Normal and extremely slow simulation with the same input, what could be wrong?

nevjernik · June 28, 2020, 1:19pm

GROMACS version: 2019.3 (on supercomputer)
GROMACS modification: No

I’ve used gromacs for a while with no issues like this one. Strange issue suddenly started to appear in every test simulation I’ve made: The same simulations, which usually finishes in one day, now runs for few months (as predicted in .log file) !

I suppose the problem is extremely high load imbalance (~ 100 %) which suddenly started to appear in every test I’ve made.

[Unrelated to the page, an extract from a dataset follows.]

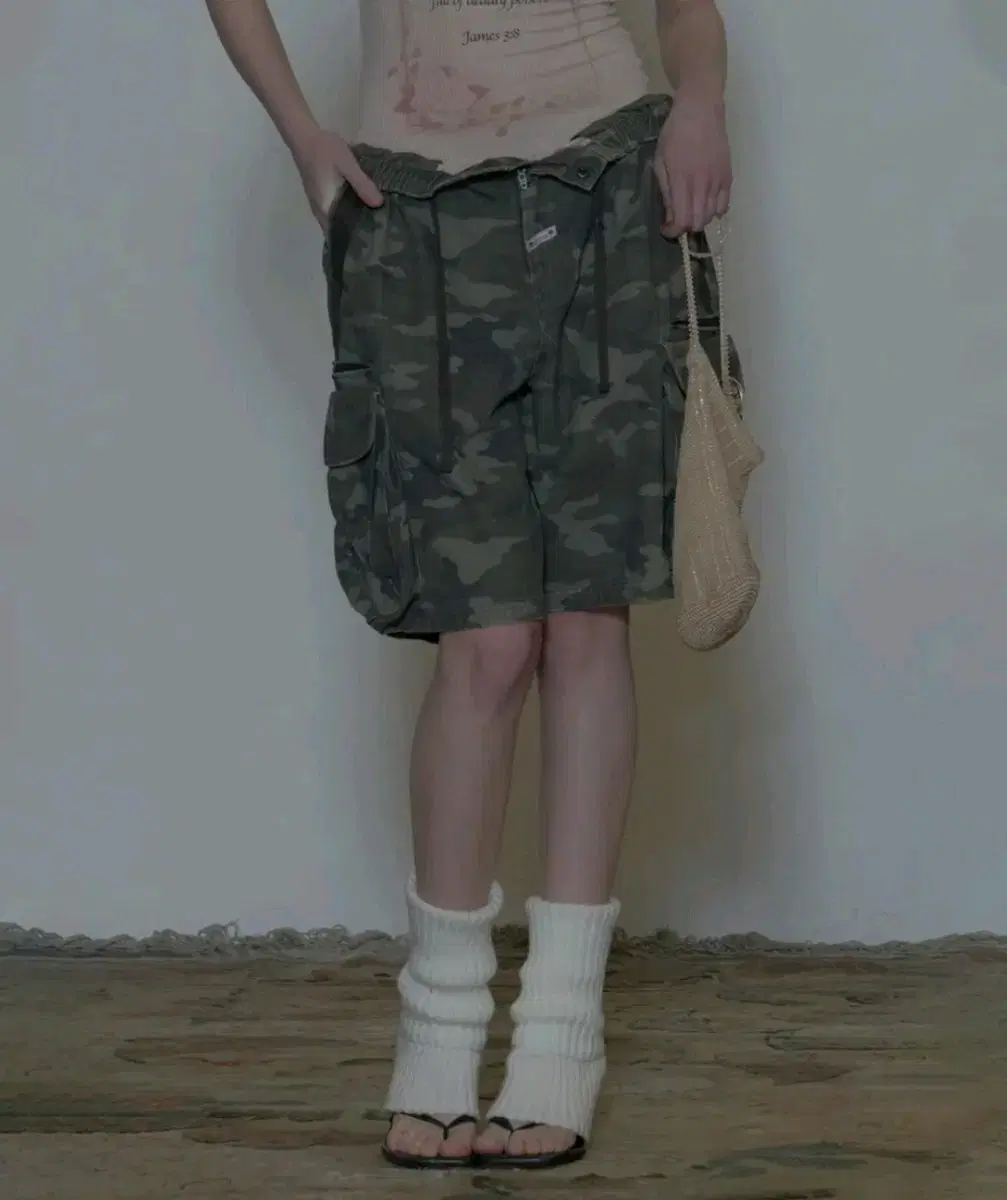 스컬프터 Twill Cargo Half Pants Forest Camo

I tried to fix it, but in process I realize that issue appears even on simulations I’ve already made with no problems, so I’m stuck…

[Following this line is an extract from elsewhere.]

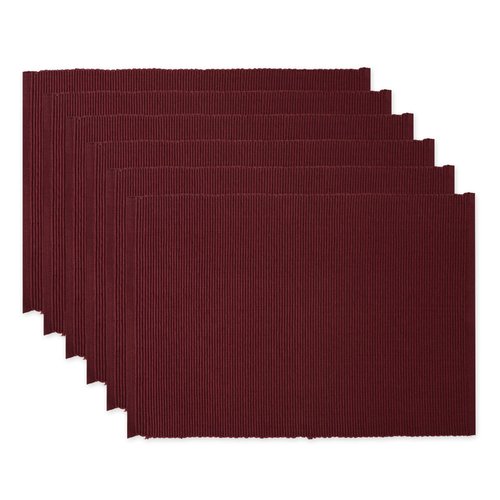DII Basic Everyday Ribbed Tabletop 100% Cotton, Placemat Set, 13x19, BlackBerry, 6 Piece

Below are two md.log files (normal and slow simulation) and two slurm_hpc.log files (normal and slow simulation) from typical test benchmark example (simple mebrane bilayer with water and ions):

Thanks in advance, any suggestion will be appreciated…

Summary of files:

md_normal_load_imbalannce.log
Gofile - Your all-in-one storage solution
Summary:

Dynamic load balancing report:
DLB was turned on during the run due to measured imbalance.
Average load imbalance: 2.8%.
The balanceable part of the MD step is 80%, load imbalance is computed from this.
Part of the total run time spent waiting due to load imbalance: 2.3%.
Steps where the load balancing was limited by -rdd, -rcon and/or -dds: X 0 % Y 0 % Z 0 %
Average PME mesh/force load: 0.791
Part of the total run time spent waiting due to PP/PME imbalance: 2.1 %

          Core t (s)   Wall t (s)        (%)
   Time:     3280.648       17.089    19197.7
             (ns/day)    (hour/ns)
   Performance:      101.129        0.237

md_high_load_imbalance.log

Summary:

Dynamic load balancing report:
DLB was permanently on during the run per user request.
Average load imbalance: 96.0%.
The balanceable part of the MD step is 32%, load imbalance is computed from this.
Part of the total run time spent waiting due to load imbalance: 30.7%.
Steps where the load balancing was limited by -rdd, -rcon and/or -dds: X 0 % Y 0 % Z 1 %
Average PME mesh/force load: 0.423
Part of the total run time spent waiting due to PP/PME imbalance: 4.4 %

NOTE: 30.7 % of the available CPU time was lost due to load imbalance
in the domain decomposition.
You can consider manually changing the decomposition (option -dd);
e.g. by using fewer domains along the box dimension in which there is
considerable inhomogeneity in the simulated system.
NOTE: 9 % of the run time was spent communicating energies,
you might want to use the -gcom option of mdrun

           Core t (s)   Wall t (s)        (%)
   Time:   147961.692      770.636    19200.0
             (ns/day)    (hour/ns)
   Performance:        2.243       10.702

slurm_normal_load_imbalance.log

Summary:

Dynamic load balancing report:
DLB was turned on during the run due to measured imbalance.
Average load imbalance: 2.8%.
The balanceable part of the MD step is 80%, load imbalance is computed from this.
Part of the total run time spent waiting due to load imbalance: 2.3%.
Steps where the load balancing was limited by -rdd, -rcon and/or -dds: X 0 % Y 0 % Z 0 %
Average PME mesh/force load: 0.791
Part of the total run time spent waiting due to PP/PME imbalance: 2.1 %

           Core t (s)   Wall t (s)        (%)
   Time:     3280.648       17.089    19197.7
             (ns/day)    (hour/ns)
   Performance:      101.129        0.237

slurm_high_load_imbalance.log

Summary:

Dynamic load balancing report:
DLB was permanently on during the run per user request.
Average load imbalance: 96.0%.
The balanceable part of the MD step is 32%, load imbalance is computed from this.
Part of the total run time spent waiting due to load imbalance: 30.7%.
Steps where the load balancing was limited by -rdd, -rcon and/or -dds: X 0 % Y 0 % Z 1 %
Average PME mesh/force load: 0.423
Part of the total run time spent waiting due to PP/PME imbalance: 4.4 %

NOTE: 30.7 % of the available CPU time was lost due to load imbalance
in the domain decomposition.
You can consider manually changing the decomposition (option -dd);
e.g. by using fewer domains along the box dimension in which there is
considerable inhomogeneity in the simulated system.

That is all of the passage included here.